El Tiempo ordinario tiene dos secciones durante el año civil. La primera sección, que es la que estamos empezando ahora, va entre Navidad y Cuaresma, es decir, entre la fiesta del Bautismo del Señor y el Miércoles de Ceniza, que es la celebración que inaugura la Cuaresma. Esa es la primera porción del tiempo ordinario. Luego entonces vendrá ese tiempo santo de conversión que es la Cuaresma. Luego vendrá el tiempo gozoso de la Pascua hasta Pentecostés. Y luego desde Pentecostés hasta el primer domingo de Adviento del año siguiente. Hacia finales de noviembre o comienzos de diciembre. Allá encontraremos la segunda porción del tiempo ordinario.
¿Qué hacemos? Lo repito una vez más. Miramos a Jesucristo. Le vemos en sus acciones. Le escuchamos en sus palabras. Aprendemos de su corazón. Recibimos el beneficio de su bendición. ¿Para qué? Para nosotros ser discípulos formados, discípulos conscientes de los bienes que Él ha querido traernos.
Hoy, por ejemplo, iniciamos esa secuencia, ese seguimiento del ministerio de Cristo, guiados por el Evangelio según San Marcos en el capítulo primero. Terminada la escena del Bautismo de Cristo y de las tentaciones, nos cuenta San Marcos cómo Jesús empieza a predicar. Y hay tres cosas que destacar aquí.
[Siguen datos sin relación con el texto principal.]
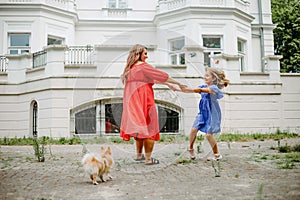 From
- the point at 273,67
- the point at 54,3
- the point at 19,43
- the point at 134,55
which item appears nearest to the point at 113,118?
the point at 134,55

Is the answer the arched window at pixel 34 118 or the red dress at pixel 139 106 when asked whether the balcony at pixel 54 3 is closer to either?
the arched window at pixel 34 118

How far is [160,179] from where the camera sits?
4.29 m

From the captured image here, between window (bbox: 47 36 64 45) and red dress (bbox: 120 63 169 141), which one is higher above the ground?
window (bbox: 47 36 64 45)

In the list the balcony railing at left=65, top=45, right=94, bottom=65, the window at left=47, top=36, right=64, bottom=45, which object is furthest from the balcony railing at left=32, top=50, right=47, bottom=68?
the window at left=47, top=36, right=64, bottom=45

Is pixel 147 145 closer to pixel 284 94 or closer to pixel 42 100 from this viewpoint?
pixel 42 100

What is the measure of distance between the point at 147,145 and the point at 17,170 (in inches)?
78.2

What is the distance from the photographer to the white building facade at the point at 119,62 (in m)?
5.08

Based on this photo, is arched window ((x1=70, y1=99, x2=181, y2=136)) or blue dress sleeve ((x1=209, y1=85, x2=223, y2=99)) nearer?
arched window ((x1=70, y1=99, x2=181, y2=136))

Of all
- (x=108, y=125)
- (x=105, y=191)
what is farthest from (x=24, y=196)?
(x=108, y=125)

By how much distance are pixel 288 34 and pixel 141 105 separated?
90.3 feet

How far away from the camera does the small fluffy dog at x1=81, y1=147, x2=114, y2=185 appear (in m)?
3.91

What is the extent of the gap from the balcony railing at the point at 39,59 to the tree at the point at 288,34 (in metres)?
20.8

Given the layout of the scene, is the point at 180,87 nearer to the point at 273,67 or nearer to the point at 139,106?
the point at 139,106

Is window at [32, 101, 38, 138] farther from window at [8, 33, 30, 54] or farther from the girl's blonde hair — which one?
the girl's blonde hair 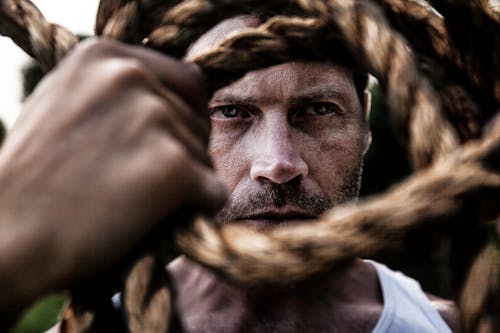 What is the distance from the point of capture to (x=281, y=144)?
1.00m

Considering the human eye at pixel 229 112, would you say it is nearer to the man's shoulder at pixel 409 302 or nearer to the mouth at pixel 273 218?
the mouth at pixel 273 218

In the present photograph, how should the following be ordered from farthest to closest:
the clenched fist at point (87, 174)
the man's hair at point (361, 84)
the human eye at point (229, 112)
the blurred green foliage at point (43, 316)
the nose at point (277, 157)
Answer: the blurred green foliage at point (43, 316) < the man's hair at point (361, 84) < the human eye at point (229, 112) < the nose at point (277, 157) < the clenched fist at point (87, 174)

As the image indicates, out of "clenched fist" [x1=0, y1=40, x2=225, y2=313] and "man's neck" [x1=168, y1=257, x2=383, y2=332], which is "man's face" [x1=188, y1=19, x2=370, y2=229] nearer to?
"man's neck" [x1=168, y1=257, x2=383, y2=332]

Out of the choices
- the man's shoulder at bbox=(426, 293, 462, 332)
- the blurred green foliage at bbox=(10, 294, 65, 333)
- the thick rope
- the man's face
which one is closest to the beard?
the man's face

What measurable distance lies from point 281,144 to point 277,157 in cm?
3

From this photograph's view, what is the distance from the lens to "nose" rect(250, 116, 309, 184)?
3.22 ft

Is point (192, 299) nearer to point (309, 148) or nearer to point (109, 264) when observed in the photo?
point (309, 148)

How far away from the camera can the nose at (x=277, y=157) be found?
0.98 metres

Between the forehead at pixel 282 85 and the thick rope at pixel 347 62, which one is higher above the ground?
the thick rope at pixel 347 62

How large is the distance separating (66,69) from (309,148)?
727 mm

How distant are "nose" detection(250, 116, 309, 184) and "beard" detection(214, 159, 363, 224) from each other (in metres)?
0.02

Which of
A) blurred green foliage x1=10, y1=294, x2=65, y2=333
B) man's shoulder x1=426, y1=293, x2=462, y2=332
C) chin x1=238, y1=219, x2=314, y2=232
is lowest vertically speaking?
blurred green foliage x1=10, y1=294, x2=65, y2=333

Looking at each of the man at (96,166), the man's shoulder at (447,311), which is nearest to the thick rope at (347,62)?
the man at (96,166)

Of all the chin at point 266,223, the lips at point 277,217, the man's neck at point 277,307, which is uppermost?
the lips at point 277,217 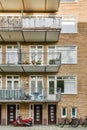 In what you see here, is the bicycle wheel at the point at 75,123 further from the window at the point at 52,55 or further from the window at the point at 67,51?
the window at the point at 67,51

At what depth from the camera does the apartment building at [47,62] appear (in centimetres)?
3722

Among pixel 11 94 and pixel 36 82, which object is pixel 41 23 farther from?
pixel 11 94

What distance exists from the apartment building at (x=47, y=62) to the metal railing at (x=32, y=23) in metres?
0.45

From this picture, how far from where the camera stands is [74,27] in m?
38.2

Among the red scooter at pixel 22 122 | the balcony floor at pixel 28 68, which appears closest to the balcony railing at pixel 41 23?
the balcony floor at pixel 28 68

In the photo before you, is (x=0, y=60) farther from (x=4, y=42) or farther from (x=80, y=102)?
(x=80, y=102)

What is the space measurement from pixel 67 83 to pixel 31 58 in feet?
13.3

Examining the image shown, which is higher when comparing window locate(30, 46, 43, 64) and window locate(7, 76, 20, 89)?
window locate(30, 46, 43, 64)

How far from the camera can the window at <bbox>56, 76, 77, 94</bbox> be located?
3803 centimetres

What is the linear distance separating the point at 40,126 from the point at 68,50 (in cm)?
742

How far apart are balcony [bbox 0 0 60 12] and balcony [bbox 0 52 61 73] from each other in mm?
4123

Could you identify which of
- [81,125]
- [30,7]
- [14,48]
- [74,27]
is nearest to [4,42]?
[14,48]

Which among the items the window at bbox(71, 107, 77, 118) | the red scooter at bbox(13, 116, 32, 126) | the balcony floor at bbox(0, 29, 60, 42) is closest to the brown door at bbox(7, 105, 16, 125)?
the red scooter at bbox(13, 116, 32, 126)

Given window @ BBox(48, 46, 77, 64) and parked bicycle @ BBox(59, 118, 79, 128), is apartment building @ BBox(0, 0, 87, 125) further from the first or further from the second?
parked bicycle @ BBox(59, 118, 79, 128) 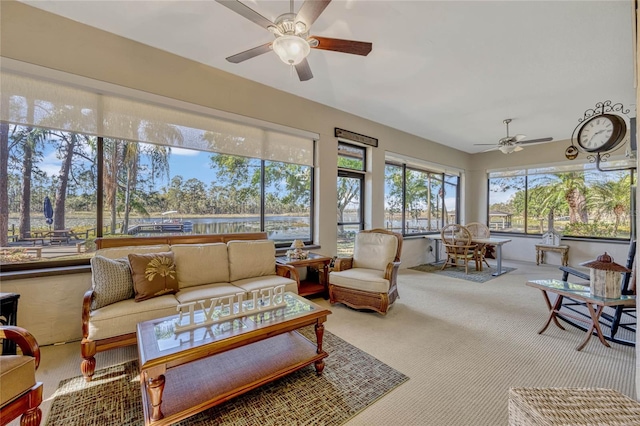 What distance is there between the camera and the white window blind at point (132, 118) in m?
2.31

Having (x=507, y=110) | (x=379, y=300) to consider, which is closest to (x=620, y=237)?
(x=507, y=110)

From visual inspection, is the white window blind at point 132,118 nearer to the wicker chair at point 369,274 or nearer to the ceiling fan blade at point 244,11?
the ceiling fan blade at point 244,11

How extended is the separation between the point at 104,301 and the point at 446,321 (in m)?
3.47

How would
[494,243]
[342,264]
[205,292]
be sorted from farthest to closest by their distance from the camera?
[494,243] → [342,264] → [205,292]

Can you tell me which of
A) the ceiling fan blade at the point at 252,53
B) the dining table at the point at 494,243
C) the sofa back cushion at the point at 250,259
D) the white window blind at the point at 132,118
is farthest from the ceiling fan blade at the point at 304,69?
the dining table at the point at 494,243

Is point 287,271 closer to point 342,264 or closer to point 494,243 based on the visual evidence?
point 342,264

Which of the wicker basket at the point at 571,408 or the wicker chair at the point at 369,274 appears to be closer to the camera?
the wicker basket at the point at 571,408

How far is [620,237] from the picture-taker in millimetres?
5594

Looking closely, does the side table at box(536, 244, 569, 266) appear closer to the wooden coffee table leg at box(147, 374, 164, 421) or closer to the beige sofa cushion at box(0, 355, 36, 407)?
the wooden coffee table leg at box(147, 374, 164, 421)

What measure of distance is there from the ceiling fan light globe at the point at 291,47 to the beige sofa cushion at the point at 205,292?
213cm

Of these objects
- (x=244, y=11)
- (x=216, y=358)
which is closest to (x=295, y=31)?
(x=244, y=11)

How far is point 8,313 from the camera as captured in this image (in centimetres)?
201

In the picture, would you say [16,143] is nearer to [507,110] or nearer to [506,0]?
[506,0]

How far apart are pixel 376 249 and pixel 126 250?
2963 mm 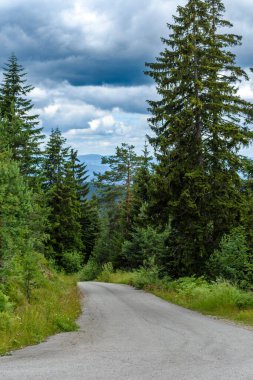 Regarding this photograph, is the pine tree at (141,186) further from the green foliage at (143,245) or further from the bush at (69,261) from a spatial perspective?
the bush at (69,261)

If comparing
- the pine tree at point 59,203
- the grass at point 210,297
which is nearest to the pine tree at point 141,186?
the pine tree at point 59,203

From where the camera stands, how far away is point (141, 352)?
949 centimetres

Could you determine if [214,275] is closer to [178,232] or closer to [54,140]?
[178,232]

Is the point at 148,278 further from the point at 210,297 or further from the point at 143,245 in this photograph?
the point at 143,245

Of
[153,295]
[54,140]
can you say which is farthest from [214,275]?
[54,140]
Primera ¿Cuál es, llamémoslo así, el campanazo? ¿Cuál es el detonante? ¿Cuál es la señal que Cristo toma como indicación de que debe empezar su misión? Segundo, ¿cuál es el anuncio fundamental que hace? Y tercero, ¿cuál es la primera o una de las primeras acciones que toma el detonante? La señal que pone en marcha el ministerio público de Cristo. No es el Bautismo en sí mismo, no es el desierto en sí mismo. Es el hecho de que quieren silenciar a Juan, lo encarcelan, su voz queda amordazada. El anuncio de conversión y de la presencia de Dios parece eclipsado. Cristo no tolera esto y sabiendo lo que le espera a Juan y lo que luego vendrá para Él, inicia su misión.
¿Cuál es el anuncio fundamental? que Dios reina, eso es lo que quiere decir el anuncio del Reino de Dios. Es el anuncio de que Dios reina. Él es el Rey. Y ¿cuál es la primera o de las primeras acciones que realiza? Llamar discípulos. Porque el Evangelio no es un encuentro en solitario, es un encuentro personal con la gracia divina, pero no es un encuentro en solitario. Es un encuentro que siempre se realiza, se acrecienta y alcanza su plenitud en una comunidad. Y por eso Cristo llama a los primeros discípulos. Vamos así, iniciando nuestro recorrido, vamos así reconociendo a nuestro Maestro.